|
SCENES FROM A RIOT: Wednesday evening in Janakpur showed how many sides are competing for supremacy in madhes politics. |
In the wake of this week's Lahan violence, the Madhesi Janadhikar Forum rejected calls by the government to sit down for dialogue. Many other groups however, both madhesi and pahadi, have urged the MJF to talk.
The MJF may or may not talk in the end, depending on how the situation evolves. For now though, it is in the driver's seat and its recent behaviour shows just how strong it has become in the post-Lahan scene. As Nepalganj before it, Lahan signifies the deep resentment in the tarai against a pahadi state structure that has treated madhesis as second-class citizens. The MJF emerged practically out of nowhere to capitalise on this situation.
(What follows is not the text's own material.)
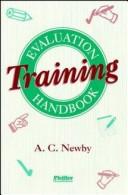 Cover of: Training Evaluation Handbook (The Management Skills Series) by T. Newby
This new dynamic in the volatile tarai politics is roiling the madhes as much as it is roiling national politics. It is no secret that various madhesi groups today are locked in a struggle to lead the madhes agenda. They are in competition for influence across the tarai with a single-minded purpose: each wants to show that it is the indisputable leader of the madhesi community. This is why December and January have witnessed more bandas and strikes in the tarai than at any other time.
Lahan arrives just at this point and hands the MJF a clear victory. The biggest loser in all this have been the Maoists, the seven mainstream parties, and Nepal's Kathmandu-centric civil society who can think of nothing more original than holding goodwill rallies at the Maitighar Mandala.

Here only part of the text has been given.